Cathay Pacific Posts First Loss in 10 Years on Hedges

By Wendy Leung

March 11 (Bloomberg) -- Cathay Pacific Airways Ltd., Hong Kong’s biggest carrier, posted its first annual loss in 10 years after making wrong-way bets on fuel prices and suffering from slowing demand because of the global recession.

The HK$8.56 billion ($1.1 billion) net loss, or HK$2.175 a share, compared with a HK$7.02 billion, or HK$1.78, profit a year earlier, the carrier said in a Hong Kong stock exchange filing today. The loss was in line with the HK$8.72 billion median of seven analyst estimates complied by Bloomberg. Sales climbed 15 percent to HK$86.56 billion.
Cathay Pacific had its first unprofitable year since the 1998 financial crisis after booking a HK$7.6 billion paper loss from fuel hedging. British Airways Plc and Delta Air Lines Inc., the world’s largest carrier, have also reported losses as business and leisure travelers pare flights amid a global recession and rising job concerns.
“It will take at least three years for travel demand to come back as the global economy recovers,” said Winson Fong, who helps manage $2 billion at SG Asset Management H.K. Ltd. “Things don’t look too optimistic, but, hopefully, they can make a small profit in 2009.”

Fuel Hedging
Cathay Pacific, China Eastern Airlines Corp. and Air China Ltd. have all reported hedging losses after locking in fuel prices at higher than current rates. Fuel prices have plunged 74 percent from a record in Singapore trading in line with slumping oil prices.
This year, the carrier’s paper fuel-hedging losses totaled HK$1.9 billion as of the end of February, it said. The contracts cover fuel purchases up to 2011, it said in January. The airline may recoup some of the paper losses if fuel prices rise again.
Cathay Pacific has curbed capacity growth, offered staff unpaid leave and delayed a new cargo terminal in Hong Kong by two years to mid-2013 on waning demand. It also scrapped its final dividend.

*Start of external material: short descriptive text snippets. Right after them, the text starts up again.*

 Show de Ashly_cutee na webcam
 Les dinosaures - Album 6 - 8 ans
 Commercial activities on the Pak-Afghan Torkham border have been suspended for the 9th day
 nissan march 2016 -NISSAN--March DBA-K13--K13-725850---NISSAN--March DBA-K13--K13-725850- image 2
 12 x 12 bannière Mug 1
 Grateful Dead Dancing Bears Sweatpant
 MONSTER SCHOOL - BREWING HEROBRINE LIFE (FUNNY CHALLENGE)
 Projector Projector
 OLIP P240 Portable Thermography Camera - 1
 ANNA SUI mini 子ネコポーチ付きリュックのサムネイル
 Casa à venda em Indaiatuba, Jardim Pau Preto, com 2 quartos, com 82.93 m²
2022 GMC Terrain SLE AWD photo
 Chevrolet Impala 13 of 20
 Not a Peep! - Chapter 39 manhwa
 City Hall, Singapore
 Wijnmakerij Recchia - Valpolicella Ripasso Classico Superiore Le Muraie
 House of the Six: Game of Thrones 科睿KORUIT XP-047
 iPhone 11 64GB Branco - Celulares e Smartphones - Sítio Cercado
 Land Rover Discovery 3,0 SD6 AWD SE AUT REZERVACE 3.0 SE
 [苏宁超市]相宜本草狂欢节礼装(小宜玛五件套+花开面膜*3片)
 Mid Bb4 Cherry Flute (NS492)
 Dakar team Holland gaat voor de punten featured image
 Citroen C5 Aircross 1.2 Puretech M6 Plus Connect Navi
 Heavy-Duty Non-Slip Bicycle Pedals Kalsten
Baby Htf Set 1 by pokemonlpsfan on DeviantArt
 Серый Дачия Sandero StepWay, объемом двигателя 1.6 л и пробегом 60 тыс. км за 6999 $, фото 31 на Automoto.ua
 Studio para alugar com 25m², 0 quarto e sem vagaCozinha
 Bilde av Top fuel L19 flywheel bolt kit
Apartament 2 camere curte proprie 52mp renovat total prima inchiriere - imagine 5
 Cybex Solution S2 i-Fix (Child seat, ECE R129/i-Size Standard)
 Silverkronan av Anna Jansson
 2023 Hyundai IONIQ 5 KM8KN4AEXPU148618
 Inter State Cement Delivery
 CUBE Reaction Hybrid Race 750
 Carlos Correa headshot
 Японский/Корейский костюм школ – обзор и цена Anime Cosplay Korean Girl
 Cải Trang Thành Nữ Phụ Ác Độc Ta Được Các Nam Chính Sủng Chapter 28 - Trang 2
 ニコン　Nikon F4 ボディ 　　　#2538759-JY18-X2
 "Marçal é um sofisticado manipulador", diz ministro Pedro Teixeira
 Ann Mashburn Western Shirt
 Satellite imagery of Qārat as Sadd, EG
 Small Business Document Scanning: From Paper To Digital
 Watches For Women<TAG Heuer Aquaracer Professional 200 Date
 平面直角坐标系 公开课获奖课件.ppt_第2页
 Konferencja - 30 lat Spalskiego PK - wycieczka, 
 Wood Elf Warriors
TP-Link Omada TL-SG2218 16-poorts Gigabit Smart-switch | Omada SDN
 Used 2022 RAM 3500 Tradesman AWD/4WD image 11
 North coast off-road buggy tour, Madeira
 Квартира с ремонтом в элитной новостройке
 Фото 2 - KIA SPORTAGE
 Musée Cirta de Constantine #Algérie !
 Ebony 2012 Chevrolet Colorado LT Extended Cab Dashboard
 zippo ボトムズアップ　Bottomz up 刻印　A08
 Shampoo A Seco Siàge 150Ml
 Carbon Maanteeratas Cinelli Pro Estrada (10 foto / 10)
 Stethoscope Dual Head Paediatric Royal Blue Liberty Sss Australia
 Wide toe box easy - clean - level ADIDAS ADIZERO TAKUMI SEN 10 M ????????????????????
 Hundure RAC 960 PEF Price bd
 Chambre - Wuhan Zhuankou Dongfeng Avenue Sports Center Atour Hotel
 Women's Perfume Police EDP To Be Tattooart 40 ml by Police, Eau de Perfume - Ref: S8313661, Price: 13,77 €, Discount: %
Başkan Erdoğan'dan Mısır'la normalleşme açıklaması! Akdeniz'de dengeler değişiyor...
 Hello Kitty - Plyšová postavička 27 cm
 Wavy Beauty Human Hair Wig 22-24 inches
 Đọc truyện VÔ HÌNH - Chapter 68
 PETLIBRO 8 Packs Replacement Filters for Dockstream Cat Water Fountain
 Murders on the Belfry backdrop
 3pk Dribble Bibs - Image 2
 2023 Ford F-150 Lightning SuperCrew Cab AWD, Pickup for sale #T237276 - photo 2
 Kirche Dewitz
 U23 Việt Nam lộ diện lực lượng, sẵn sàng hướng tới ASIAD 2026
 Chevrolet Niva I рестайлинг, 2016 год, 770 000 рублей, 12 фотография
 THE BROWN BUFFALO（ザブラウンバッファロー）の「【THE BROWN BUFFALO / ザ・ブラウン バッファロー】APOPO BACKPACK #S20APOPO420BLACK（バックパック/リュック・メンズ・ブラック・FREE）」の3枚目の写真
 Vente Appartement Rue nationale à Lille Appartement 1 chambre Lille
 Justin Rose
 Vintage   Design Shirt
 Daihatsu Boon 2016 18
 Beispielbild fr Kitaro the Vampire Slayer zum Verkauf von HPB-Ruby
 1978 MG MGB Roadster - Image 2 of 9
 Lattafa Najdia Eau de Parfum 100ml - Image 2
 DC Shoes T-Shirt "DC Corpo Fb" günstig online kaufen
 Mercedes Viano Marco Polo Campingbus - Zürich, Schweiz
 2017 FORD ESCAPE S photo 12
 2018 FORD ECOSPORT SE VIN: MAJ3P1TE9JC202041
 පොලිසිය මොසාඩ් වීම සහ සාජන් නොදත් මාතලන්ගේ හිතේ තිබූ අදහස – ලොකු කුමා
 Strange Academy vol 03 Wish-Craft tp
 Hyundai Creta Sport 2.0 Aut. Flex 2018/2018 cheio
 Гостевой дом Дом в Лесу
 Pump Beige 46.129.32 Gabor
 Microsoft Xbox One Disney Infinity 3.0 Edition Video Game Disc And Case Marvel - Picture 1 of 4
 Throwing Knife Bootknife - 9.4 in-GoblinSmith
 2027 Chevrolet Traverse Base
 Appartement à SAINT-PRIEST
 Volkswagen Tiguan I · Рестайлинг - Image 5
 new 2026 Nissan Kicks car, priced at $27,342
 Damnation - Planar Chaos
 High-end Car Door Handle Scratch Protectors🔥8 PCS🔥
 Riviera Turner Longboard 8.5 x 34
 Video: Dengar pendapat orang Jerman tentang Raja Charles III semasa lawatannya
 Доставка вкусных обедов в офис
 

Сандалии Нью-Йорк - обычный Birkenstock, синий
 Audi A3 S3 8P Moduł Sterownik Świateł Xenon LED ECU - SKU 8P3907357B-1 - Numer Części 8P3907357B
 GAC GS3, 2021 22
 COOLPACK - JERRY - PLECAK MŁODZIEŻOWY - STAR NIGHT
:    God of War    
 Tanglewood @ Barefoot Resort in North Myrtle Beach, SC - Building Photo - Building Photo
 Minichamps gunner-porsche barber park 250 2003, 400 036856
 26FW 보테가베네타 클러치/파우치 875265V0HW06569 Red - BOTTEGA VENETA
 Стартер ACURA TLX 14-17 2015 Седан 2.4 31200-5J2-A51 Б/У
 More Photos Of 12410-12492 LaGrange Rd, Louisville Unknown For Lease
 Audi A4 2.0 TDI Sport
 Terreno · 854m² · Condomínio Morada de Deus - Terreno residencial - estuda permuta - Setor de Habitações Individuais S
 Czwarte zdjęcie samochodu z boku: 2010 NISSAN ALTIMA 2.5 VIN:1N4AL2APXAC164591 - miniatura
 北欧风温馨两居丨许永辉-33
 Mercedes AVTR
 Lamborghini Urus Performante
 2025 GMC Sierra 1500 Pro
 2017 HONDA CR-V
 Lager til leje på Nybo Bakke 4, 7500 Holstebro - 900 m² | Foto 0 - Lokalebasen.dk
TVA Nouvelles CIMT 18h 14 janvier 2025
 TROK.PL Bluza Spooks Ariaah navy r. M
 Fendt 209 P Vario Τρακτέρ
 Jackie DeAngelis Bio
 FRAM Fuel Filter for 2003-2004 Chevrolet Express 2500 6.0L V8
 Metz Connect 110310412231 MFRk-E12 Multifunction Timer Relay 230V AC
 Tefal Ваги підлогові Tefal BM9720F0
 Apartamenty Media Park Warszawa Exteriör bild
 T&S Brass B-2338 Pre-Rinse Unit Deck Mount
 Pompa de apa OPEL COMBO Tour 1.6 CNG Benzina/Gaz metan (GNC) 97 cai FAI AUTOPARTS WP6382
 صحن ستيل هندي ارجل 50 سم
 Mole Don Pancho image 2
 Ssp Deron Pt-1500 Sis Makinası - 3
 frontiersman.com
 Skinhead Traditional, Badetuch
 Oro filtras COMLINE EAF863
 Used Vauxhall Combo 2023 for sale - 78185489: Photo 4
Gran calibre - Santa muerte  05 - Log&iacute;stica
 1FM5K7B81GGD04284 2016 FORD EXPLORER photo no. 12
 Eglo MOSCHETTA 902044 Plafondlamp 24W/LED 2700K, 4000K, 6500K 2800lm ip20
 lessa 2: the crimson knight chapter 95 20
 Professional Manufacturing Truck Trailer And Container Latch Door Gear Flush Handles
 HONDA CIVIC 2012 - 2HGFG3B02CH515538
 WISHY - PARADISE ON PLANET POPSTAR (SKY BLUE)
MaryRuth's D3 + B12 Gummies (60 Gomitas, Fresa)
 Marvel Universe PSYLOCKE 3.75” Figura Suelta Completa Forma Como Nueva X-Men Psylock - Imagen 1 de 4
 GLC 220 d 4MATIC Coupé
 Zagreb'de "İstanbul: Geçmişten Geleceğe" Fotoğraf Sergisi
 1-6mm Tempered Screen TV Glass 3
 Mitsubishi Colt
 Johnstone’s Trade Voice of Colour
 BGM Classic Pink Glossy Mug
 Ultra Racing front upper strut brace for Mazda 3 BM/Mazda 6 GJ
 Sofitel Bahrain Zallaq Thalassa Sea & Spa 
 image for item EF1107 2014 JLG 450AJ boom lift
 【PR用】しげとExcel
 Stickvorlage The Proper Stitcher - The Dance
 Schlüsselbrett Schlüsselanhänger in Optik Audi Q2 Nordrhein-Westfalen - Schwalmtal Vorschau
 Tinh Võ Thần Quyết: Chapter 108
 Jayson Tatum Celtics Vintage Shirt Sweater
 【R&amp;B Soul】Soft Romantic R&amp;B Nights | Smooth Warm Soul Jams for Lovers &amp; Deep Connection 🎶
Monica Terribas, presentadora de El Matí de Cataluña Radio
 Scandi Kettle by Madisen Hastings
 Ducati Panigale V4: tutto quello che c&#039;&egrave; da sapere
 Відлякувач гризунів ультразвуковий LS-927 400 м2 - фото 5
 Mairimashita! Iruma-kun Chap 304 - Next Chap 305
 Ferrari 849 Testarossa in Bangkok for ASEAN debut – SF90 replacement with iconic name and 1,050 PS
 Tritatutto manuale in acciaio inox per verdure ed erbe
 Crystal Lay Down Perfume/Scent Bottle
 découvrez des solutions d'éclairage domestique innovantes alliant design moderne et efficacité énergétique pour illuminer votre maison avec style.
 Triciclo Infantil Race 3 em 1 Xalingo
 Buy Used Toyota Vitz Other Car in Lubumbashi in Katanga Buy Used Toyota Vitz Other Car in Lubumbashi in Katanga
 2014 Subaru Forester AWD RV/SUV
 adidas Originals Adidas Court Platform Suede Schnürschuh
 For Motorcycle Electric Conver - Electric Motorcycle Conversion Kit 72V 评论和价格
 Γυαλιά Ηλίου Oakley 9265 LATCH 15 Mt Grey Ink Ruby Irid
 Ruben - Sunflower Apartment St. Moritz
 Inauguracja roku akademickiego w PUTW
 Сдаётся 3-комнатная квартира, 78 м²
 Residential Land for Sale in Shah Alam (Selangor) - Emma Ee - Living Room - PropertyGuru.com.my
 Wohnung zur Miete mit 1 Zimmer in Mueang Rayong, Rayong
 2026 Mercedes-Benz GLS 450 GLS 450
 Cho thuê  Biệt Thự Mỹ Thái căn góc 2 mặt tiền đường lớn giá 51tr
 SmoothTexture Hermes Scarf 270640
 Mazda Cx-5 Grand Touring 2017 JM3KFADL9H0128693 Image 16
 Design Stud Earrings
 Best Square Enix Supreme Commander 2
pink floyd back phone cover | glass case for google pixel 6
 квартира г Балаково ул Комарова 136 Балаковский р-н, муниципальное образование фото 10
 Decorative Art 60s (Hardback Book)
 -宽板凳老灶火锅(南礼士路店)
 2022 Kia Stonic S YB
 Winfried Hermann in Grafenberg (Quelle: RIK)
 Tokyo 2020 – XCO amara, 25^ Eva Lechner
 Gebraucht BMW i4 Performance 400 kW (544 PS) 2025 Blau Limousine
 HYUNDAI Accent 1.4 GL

The airline, controlled by Swire Pacific Ltd., rose 2.1 percent to HK$7.15 at the 12:30 p.m. trading break. The carrier slumped 57 percent last year.
Spending on jet fuel jumped 92 percent last year to HK$47.3 billion, the airline said. The carrier and its Hong Kong Dragon Airlines Ltd. unit carried 25 million passengers last year, a 7.3 percent increase. Cargo volume fell 1.6 percent to 1.65 million tons.
Airlines worldwide lost as much as $8 billion last year because of the recession and fuel-hedging losses, the International Air Transport Association said on March 2. The industry may lose as much $2.5 billion this year as traffic declines, with carriers in the Asia-Pacific region accounting for almost half of the losses, it added.
“The current deterioration in demand for air travel is driving a major earnings crisis,” Merrill Lynch & Co. analysts Paul Dewberry and Hou Ying Ying said in a March 6 note to clients.
Cathay Pacific may make a HK$696 million profit this year, according to the median of seven analyst estimates complied by Bloomberg.